Fralie was trying to control a cough that threatened, and the ache in her back was starting again. Her eyes were closed, and her brows drawn in. Her hair was tangled and stringy and her face shiny with sweat. Frebec jumped up and started to leave the hearth. “Where are you going, Frebec?” Fralie asked.
“I’m going to get Ayla.”
“Ayla? But I thought …”
“She’s been saying you were having trouble ever since she got here. She was right about that. If she knew that much, maybe she is a Healer. Everyone keeps saying she is. I don’t know if it’s true, but we’ve got to do something … unless you don’t want me to.”
“Get Ayla,” Fralie whispered.
The excited tension communicated itself through the earthlodge as Frebec marched down the passageway toward the Mammoth Hearth.
“Ayla, Fralie is …” he barely began, too nervous and upset to worry about saving face.
“Yes, I know. Ask someone to get Nezzie to come and help me, and bring that container. Careful, it’s hot. It’s a decoction for her throat,” Ayla said, hurrying toward the Crane Hearth.
When Fralie looked up and saw Ayla, she suddenly felt a great relief.
“The first thing we have to do is straighten this bed and make you comfortable,” Ayla said, pulling at the bedding and covers, and bolstering her with furs and pillows for support.
Fralie smiled and suddenly noticed, for some reason, that Ayla still spoke with an accent. No, not really an accent, she thought. She just had difficulty with certain sounds. Strange how easy it was to get used to something like that. Crozie’s head appeared next above her bed. She handed Ayla a piece of folded leather.

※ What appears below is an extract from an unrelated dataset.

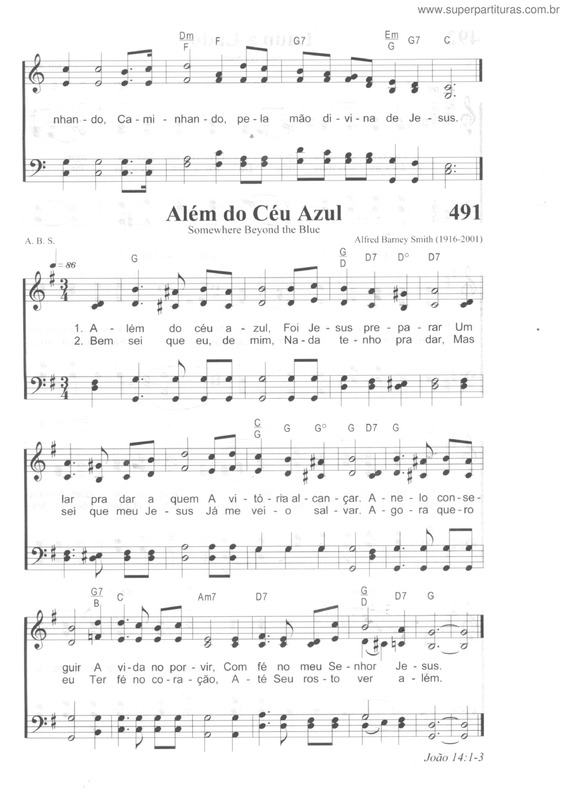 Partitura da música Além Do Céu Azul v.2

“Here’s her birthing blanket, Ayla.” They opened it out and while Fralie shifted, they spread it beneath the woman. “It’s about time they got you, but it’s too late to stop the birth now,” Crozie said. “Too bad, I had an intuition that this one would be a girl. It’s a shame she will die.”

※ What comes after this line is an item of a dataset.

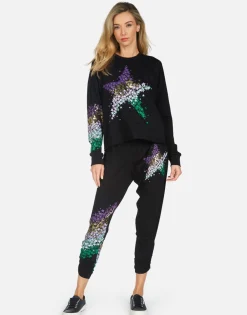 Lauren Moshi Mimi Star Confetti*Women Crop Sweatpants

“Don’t be too certain of that, Crozie,” Ayla said.
“This baby is coming early. You know that.”
“Yes, but don’t give up this child to the next world, yet. There are things that can be done, if it’s not too early … and if the birth goes well.” Ayla looked down at Fralie. “Let’s wait and see.”
“Ayla,” Fralie said, her eyes shining, “do you think there’s hope?”
“There is always hope. Now, drink this. It will quiet your cough, and make you feel better. Then we’ll see how far along you are.”
“What’s in it?” Crozie demanded.
Ayla studied the woman for a moment before replying. There had been command implicit in her tone, but Ayla sensed that concern and interest motivated the question. The tone of her request was more a style of speaking, Ayla decided, as though she was accustomed to giving orders. But it could be misunderstood as unreasonable or demanding when someone who was not in a position of leadership assumed a commanding tone.
“The inner bark of wild black cherry, to calm her, and to calm her cough and relieve the pain of labor,” Ayla explained, “boiled with the dried root of blue cohosh, first ground to a powder, to help the pushing muscles work harder to hurry delivery. She’s too far into labor to stop it.”
“Hmm,” Crozie vocalized, nodding approval. She had been as interested in verifying Ayla’s expertise as she was in knowing the exact ingredients. Crozie was satisfied, from her reply, that Ayla was not just dispensing a remedy someone had told her about, but that she knew what she was doing. Not because she knew the properties of the plants, but because Ayla did.